» **EXERCISE INSTRUCTIONS**
Please show every line in the entries below that includes the word "foto".

» **RECORDS FOR PROCESSING**
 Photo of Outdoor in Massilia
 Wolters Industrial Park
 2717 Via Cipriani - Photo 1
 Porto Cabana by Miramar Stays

==

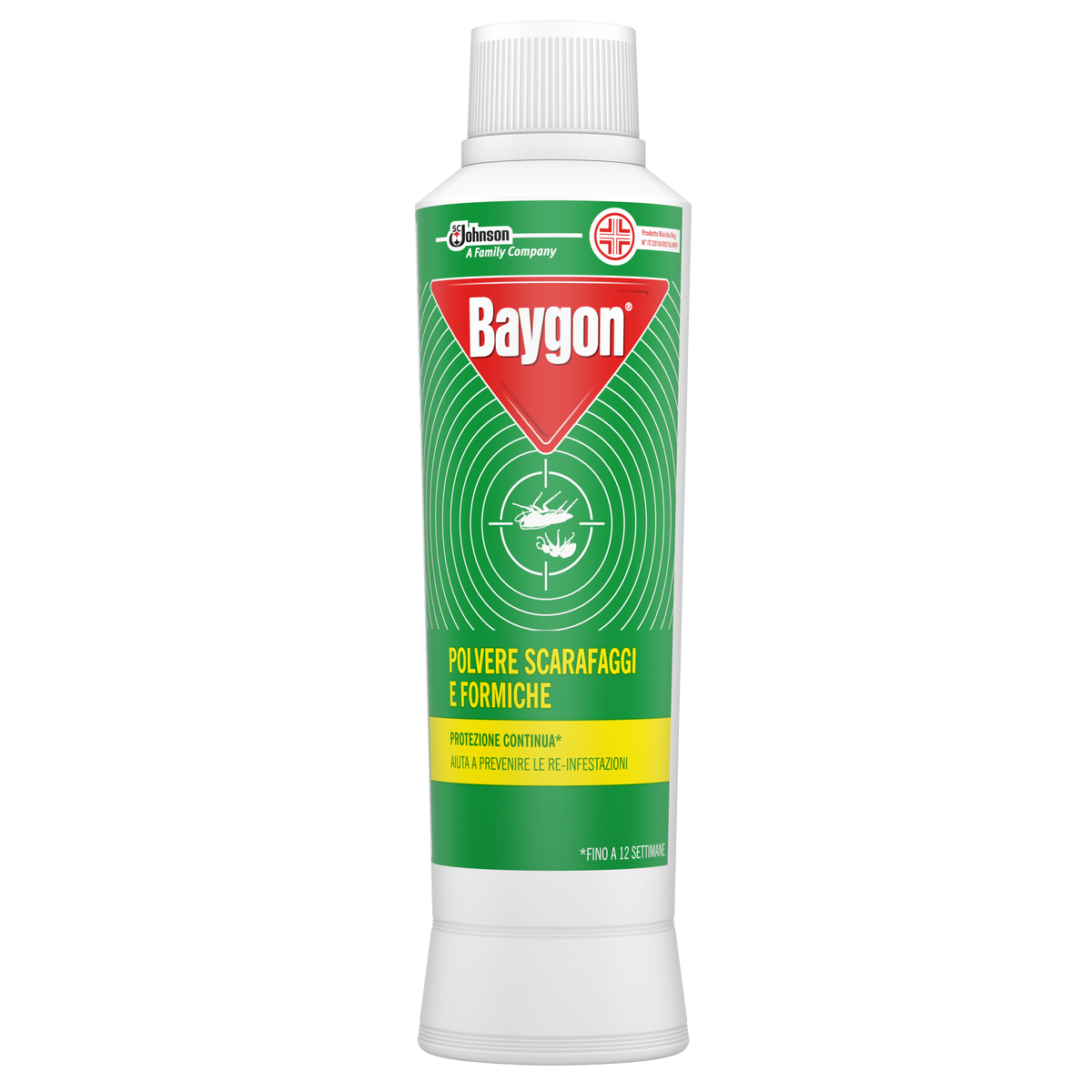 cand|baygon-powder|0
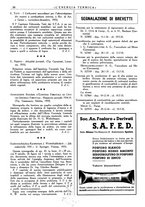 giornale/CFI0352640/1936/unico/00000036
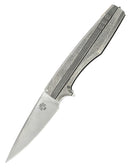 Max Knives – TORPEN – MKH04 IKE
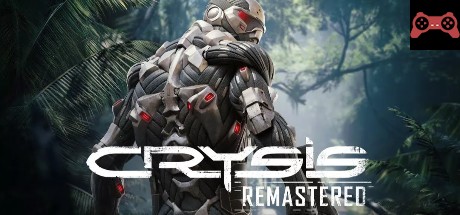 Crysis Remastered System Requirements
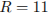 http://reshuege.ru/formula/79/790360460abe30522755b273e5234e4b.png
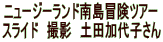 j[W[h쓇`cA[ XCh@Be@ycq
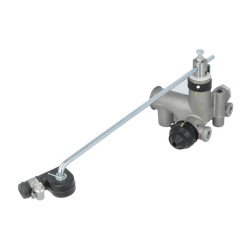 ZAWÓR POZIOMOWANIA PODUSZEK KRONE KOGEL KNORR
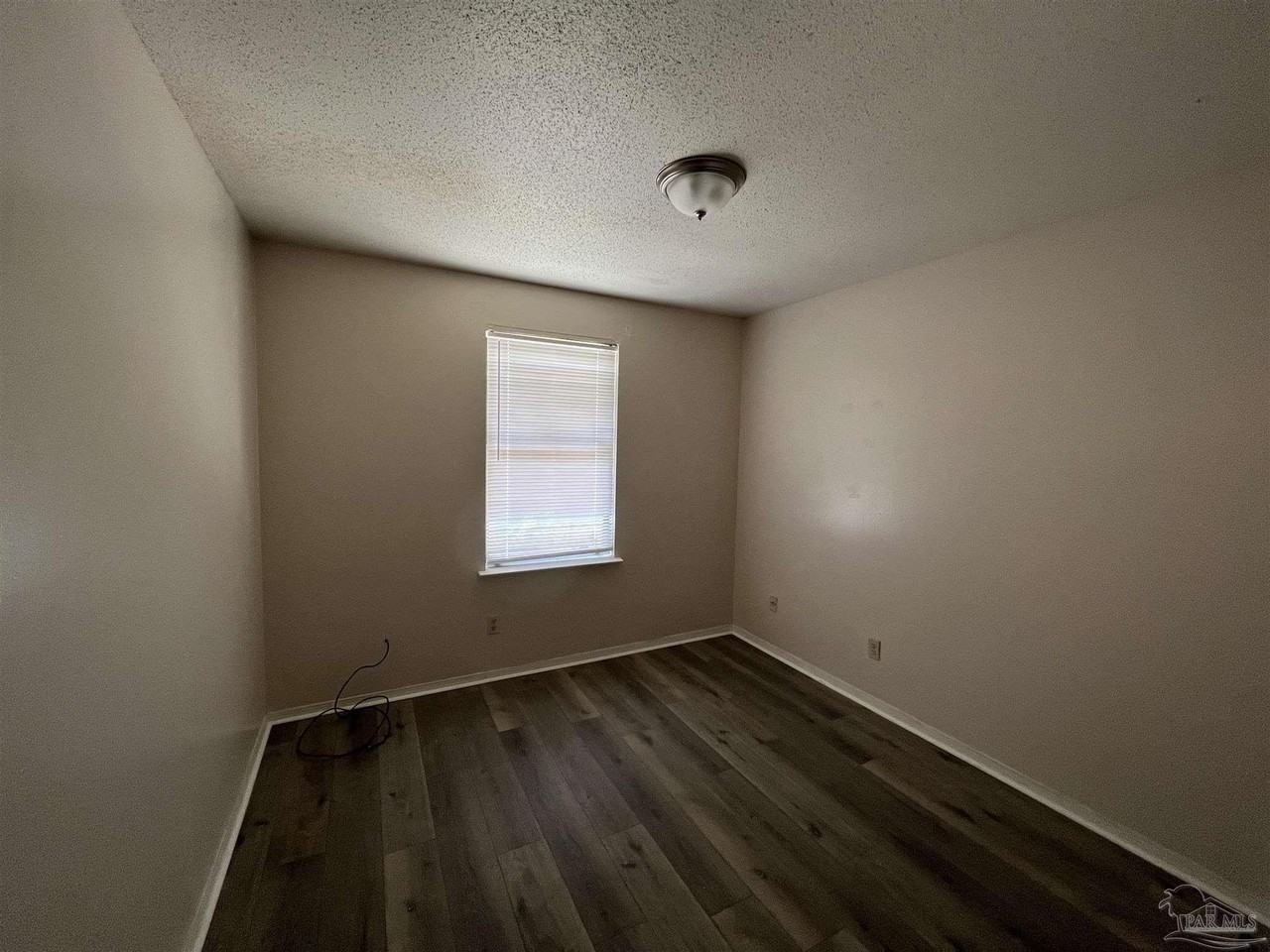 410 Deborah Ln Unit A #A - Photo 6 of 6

==

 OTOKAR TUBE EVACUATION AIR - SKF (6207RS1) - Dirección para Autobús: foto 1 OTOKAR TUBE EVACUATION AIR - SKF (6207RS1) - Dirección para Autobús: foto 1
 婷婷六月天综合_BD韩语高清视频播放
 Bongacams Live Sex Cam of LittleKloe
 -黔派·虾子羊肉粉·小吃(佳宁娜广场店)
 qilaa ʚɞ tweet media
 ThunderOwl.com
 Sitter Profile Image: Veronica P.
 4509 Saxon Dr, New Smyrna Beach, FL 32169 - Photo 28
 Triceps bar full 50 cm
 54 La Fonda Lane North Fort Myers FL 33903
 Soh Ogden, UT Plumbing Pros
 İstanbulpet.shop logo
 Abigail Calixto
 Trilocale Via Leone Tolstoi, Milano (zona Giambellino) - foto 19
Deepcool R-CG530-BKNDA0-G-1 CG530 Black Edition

» **TASK RESULT**
 OTOKAR TUBE EVACUATION AIR - SKF (6207RS1) - Dirección para Autobús: foto 1 OTOKAR TUBE EVACUATION AIR - SKF (6207RS1) - Dirección para Autobús: foto 1
 Trilocale Via Leone Tolstoi, Milano (zona Giambellino) - foto 19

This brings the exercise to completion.